(Beginning of DATA SEGMENT)
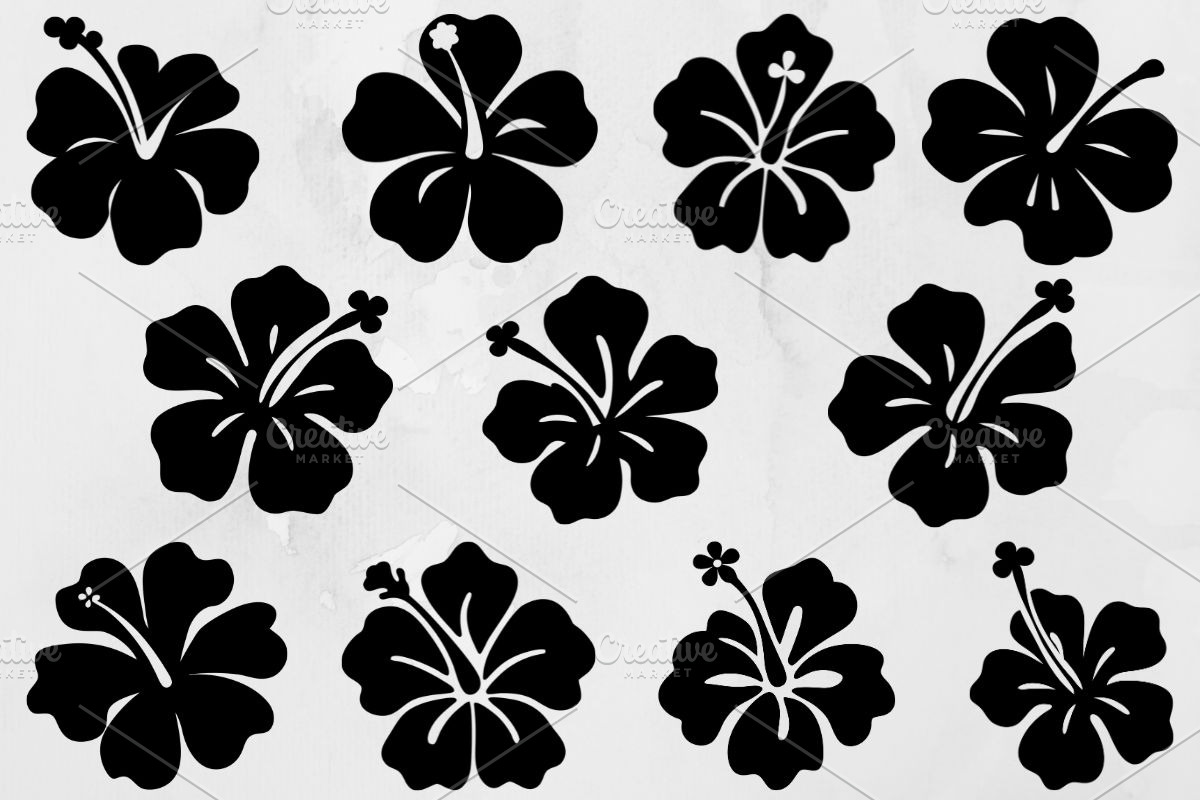 Hibiscus Flower Silhouette SVG, a Decorative Illustration by newminddesign (Photo 1 of 3)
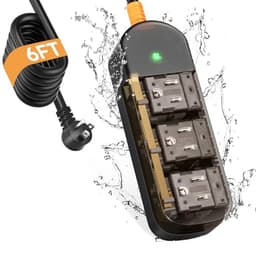 Outdoor Power Strip Weatherproof 6 FT Outdoor Extension Cord Waterproof Surge Protector Power Strip,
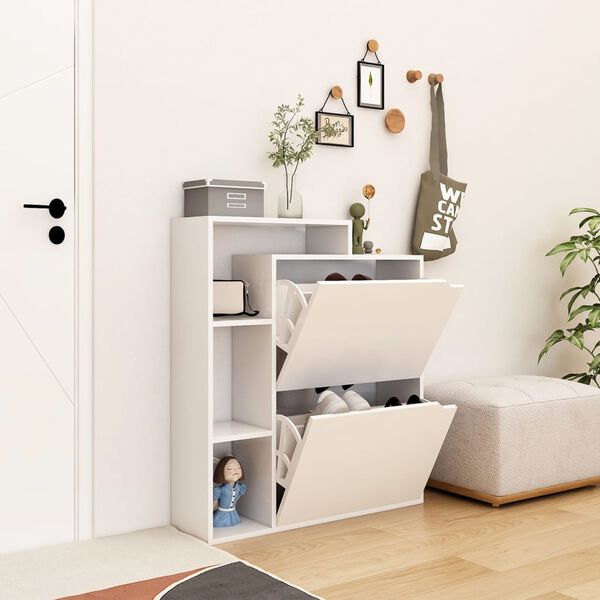 vidaXL Shoe Cabinet White 79.5x24x90.5 cm Engineered Wood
(End of DATA SEGMENT)
(WORK ITEM) After removing the pictures, restate the whole listing above word for word.

(SOLUTION TO THIS PROBLEM)
 Hibiscus Flower Silhouette SVG, a Decorative Illustration by newminddesign (Photo 1 of 3)
 Outdoor Power Strip Weatherproof 6 FT Outdoor Extension Cord Waterproof Surge Protector Power Strip,
 vidaXL Shoe Cabinet White 79.5x24x90.5 cm Engineered Wood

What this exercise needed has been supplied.